__MATERIAL FOR THIS TASK__
▶

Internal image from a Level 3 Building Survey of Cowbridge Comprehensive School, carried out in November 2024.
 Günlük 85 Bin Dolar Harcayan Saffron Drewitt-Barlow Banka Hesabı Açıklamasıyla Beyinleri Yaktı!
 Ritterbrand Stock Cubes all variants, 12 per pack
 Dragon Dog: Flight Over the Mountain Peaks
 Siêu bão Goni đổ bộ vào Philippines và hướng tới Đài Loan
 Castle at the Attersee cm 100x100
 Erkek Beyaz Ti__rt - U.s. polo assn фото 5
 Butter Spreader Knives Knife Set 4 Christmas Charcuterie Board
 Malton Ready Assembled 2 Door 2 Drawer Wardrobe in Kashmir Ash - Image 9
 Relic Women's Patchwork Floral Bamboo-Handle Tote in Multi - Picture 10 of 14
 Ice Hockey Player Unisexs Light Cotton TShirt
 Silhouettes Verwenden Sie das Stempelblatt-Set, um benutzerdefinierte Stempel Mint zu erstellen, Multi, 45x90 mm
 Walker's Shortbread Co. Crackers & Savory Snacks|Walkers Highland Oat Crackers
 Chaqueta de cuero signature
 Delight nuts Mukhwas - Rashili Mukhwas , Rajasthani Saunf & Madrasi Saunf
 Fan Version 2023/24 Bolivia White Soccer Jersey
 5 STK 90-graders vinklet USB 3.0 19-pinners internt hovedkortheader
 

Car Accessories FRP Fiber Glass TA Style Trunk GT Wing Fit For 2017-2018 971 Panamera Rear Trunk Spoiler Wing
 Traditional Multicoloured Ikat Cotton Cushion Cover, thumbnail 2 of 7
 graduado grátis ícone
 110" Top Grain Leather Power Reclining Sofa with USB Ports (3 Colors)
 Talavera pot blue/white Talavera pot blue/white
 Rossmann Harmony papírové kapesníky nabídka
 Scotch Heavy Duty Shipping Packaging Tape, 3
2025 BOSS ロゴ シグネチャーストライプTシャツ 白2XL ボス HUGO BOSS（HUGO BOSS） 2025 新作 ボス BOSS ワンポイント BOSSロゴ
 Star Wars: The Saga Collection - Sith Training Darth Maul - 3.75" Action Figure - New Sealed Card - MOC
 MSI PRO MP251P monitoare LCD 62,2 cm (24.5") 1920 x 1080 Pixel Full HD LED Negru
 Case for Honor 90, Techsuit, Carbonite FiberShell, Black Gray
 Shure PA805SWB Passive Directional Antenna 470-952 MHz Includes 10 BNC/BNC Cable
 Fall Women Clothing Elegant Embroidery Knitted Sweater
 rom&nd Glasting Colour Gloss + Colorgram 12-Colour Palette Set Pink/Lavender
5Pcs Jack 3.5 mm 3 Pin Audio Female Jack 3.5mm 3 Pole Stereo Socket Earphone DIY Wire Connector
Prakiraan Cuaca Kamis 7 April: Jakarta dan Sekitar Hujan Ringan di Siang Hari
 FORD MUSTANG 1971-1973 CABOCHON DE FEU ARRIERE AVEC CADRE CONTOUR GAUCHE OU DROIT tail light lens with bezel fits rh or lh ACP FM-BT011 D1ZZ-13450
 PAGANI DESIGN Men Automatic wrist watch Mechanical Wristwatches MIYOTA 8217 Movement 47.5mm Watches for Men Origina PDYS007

◀

__TASK DETAILS__
Give back exactly the lines from the first line of the records through the line holding "Relic Women's Patchwork", including both of those lines and leaving out all others.

__WRITTEN ANSWER__
Internal image from a Level 3 Building Survey of Cowbridge Comprehensive School, carried out in November 2024.
 Günlük 85 Bin Dolar Harcayan Saffron Drewitt-Barlow Banka Hesabı Açıklamasıyla Beyinleri Yaktı!
 Ritterbrand Stock Cubes all variants, 12 per pack
 Dragon Dog: Flight Over the Mountain Peaks
 Siêu bão Goni đổ bộ vào Philippines và hướng tới Đài Loan
 Castle at the Attersee cm 100x100
 Erkek Beyaz Ti__rt - U.s. polo assn фото 5
 Butter Spreader Knives Knife Set 4 Christmas Charcuterie Board
 Malton Ready Assembled 2 Door 2 Drawer Wardrobe in Kashmir Ash - Image 9
 Relic Women's Patchwork Floral Bamboo-Handle Tote in Multi - Picture 10 of 14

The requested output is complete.